Activity: Ignoring every picture, return the lines of the listing below word for word, from the line that holds "Mysql baze de" through the line that holds "Authentique charme en".

Supplied information:

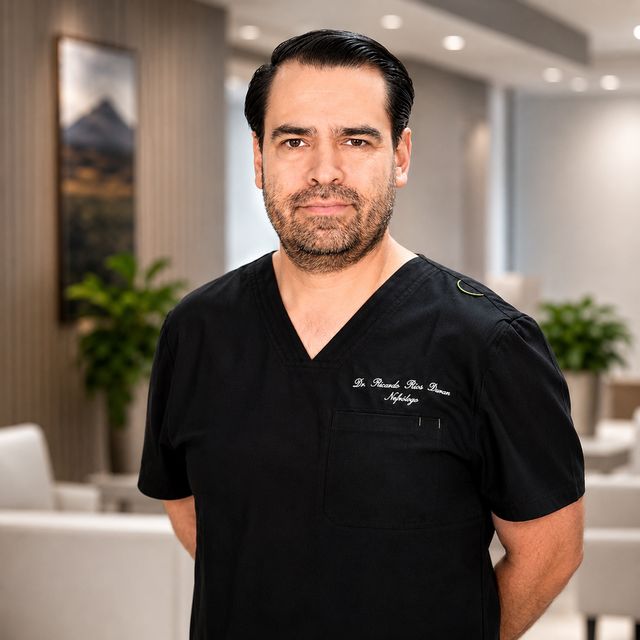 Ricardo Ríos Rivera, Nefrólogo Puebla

--

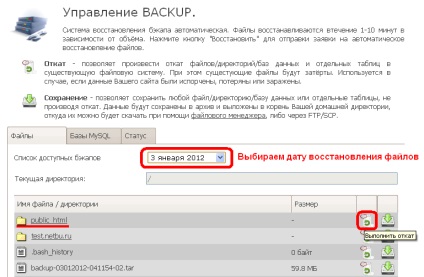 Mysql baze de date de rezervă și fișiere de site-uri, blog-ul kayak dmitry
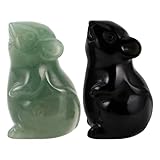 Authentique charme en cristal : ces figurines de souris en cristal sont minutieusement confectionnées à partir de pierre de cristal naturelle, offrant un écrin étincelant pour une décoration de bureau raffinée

Exercise result:
 Mysql baze de date de rezervă și fișiere de site-uri, blog-ul kayak dmitry
 Authentique charme en cristal : ces figurines de souris en cristal sont minutieusement confectionnées à partir de pierre de cristal naturelle, offrant un écrin étincelant pour une décoration de bureau raffinée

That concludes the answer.